DATA SUPPLIED START
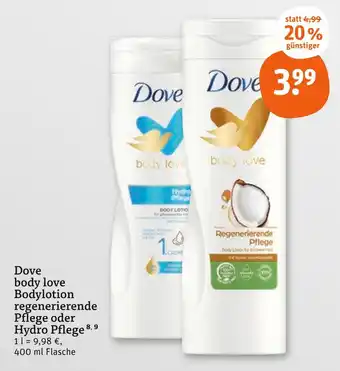 tegut Dove body love bodylotion regenerierende pflege Angebot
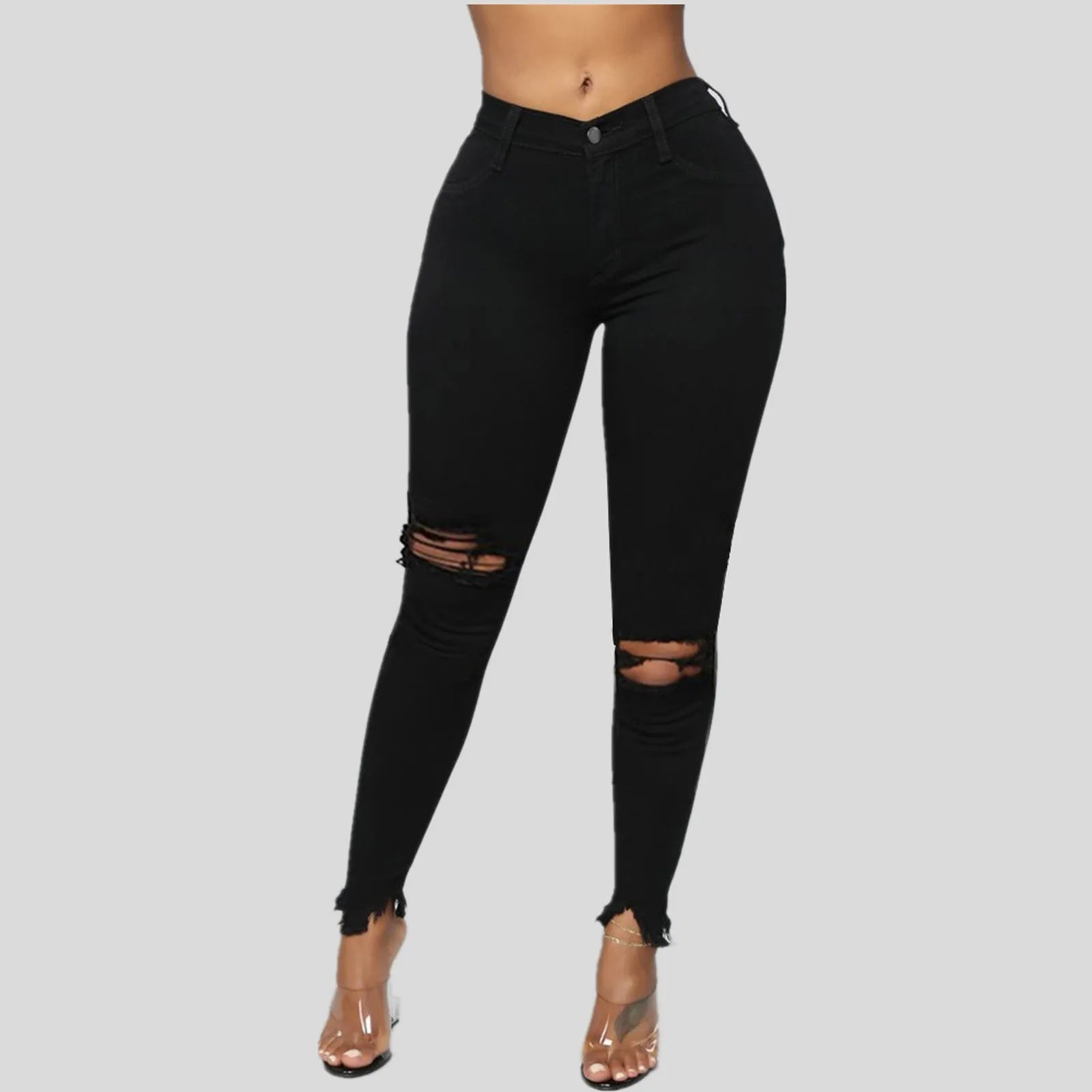 Women Ripped Denim  Pants - Black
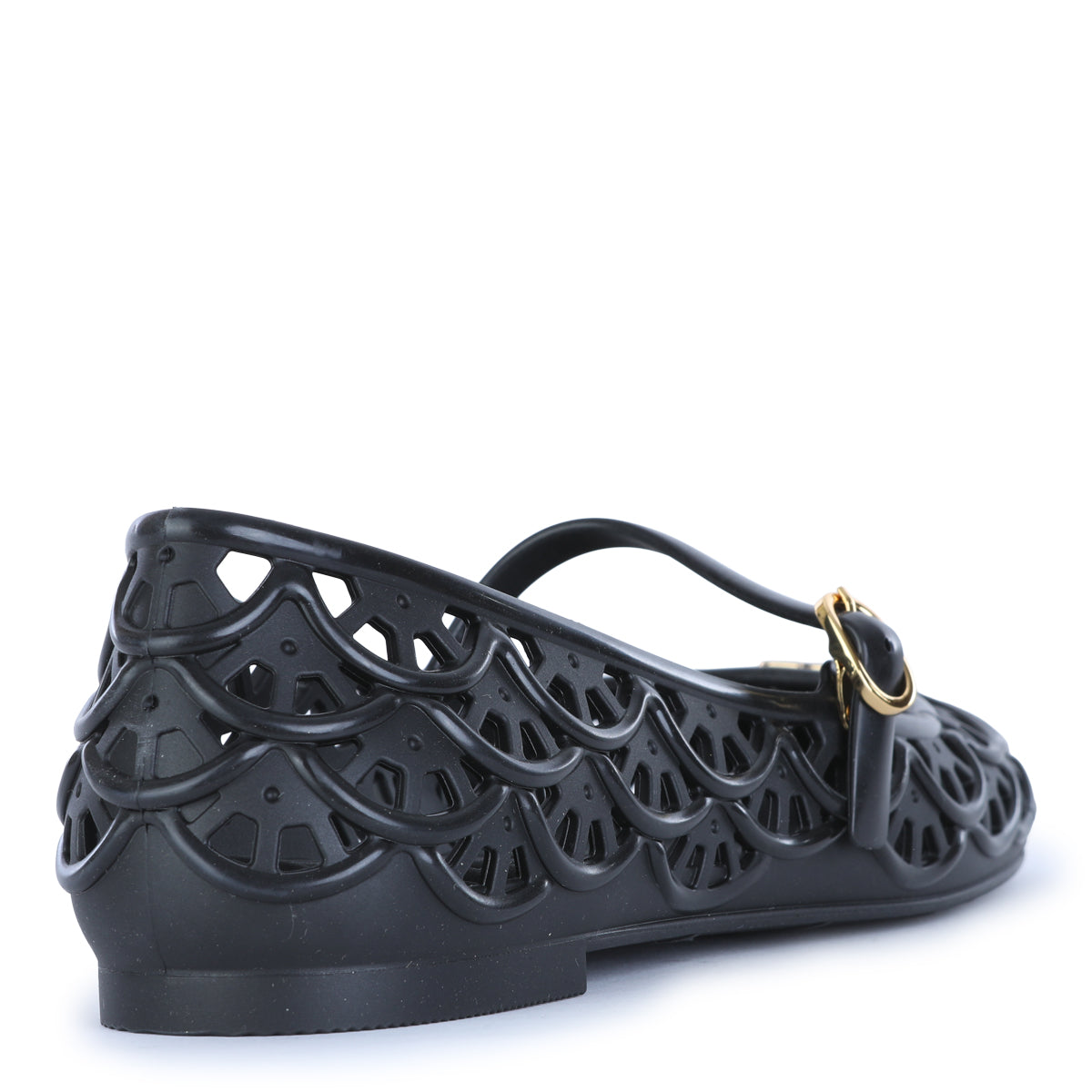 BLACK ONDETTE FLAT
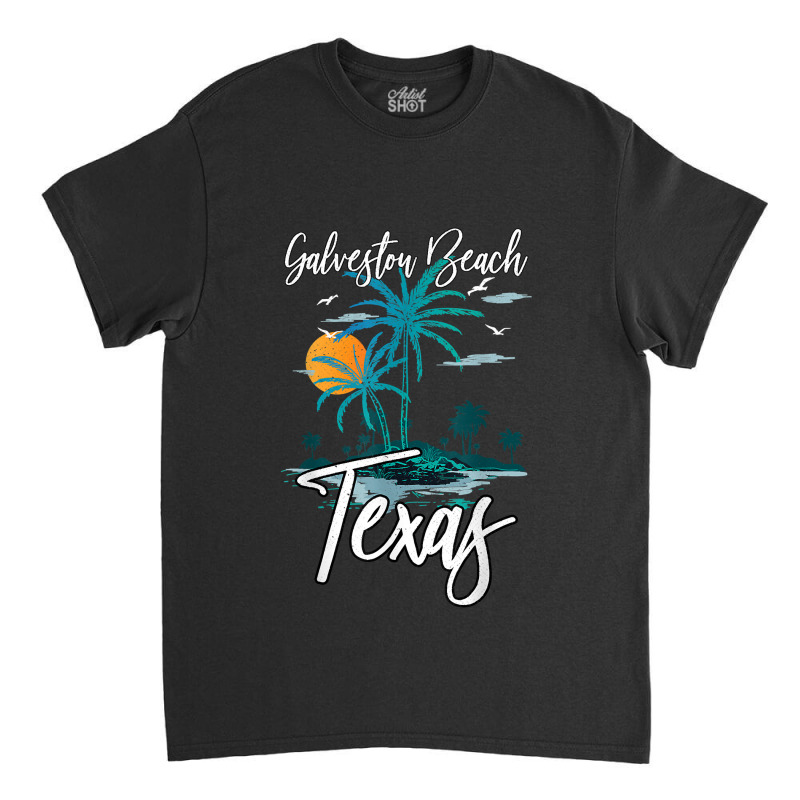 Family Vacation Retro Sunset Texas Galveston Beach Classic T-shirt by FrancesTiffany | Artistshot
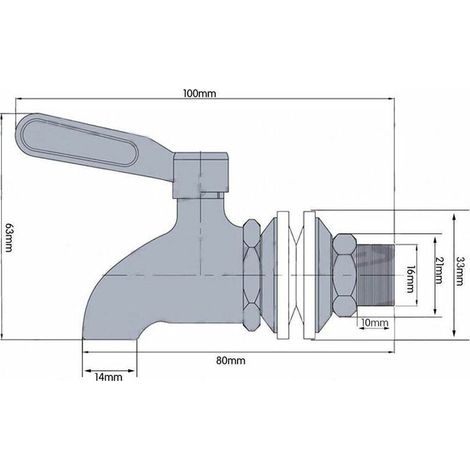 Remplacement de robinet de distributeur de boissons,Robinet de Tonneau du Vin et de la Bière ou de Boisson en Acier Inoxydable, Inusable,16mm Robinet de rechange pour distributeur (1/4)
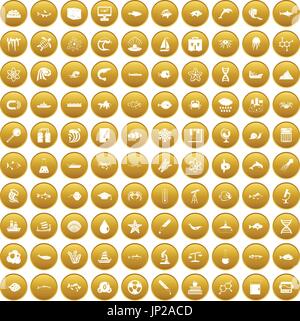 100 oceanology icons set gold Stock Vector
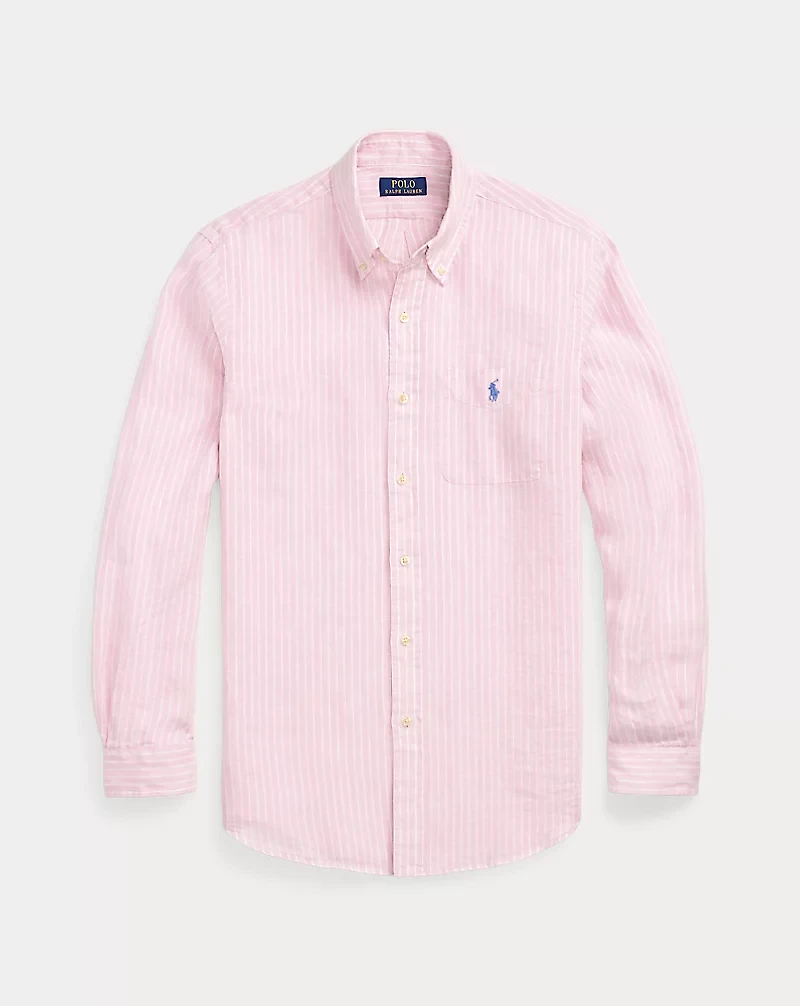 Classic Fit Striped Linen Shirt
DATA SUPPLIED END
→ **PROBLEM TO SOLVE**
Could the entries above be retyped exactly, with the pictures left out?

→ **EXERCISE RESPONSE**
 tegut Dove body love bodylotion regenerierende pflege Angebot
 Women Ripped Denim  Pants - Black
 BLACK ONDETTE FLAT
 Family Vacation Retro Sunset Texas Galveston Beach Classic T-shirt by FrancesTiffany | Artistshot
 Remplacement de robinet de distributeur de boissons,Robinet de Tonneau du Vin et de la Bière ou de Boisson en Acier Inoxydable, Inusable,16mm Robinet de rechange pour distributeur (1/4)
 100 oceanology icons set gold Stock Vector
 Classic Fit Striped Linen Shirt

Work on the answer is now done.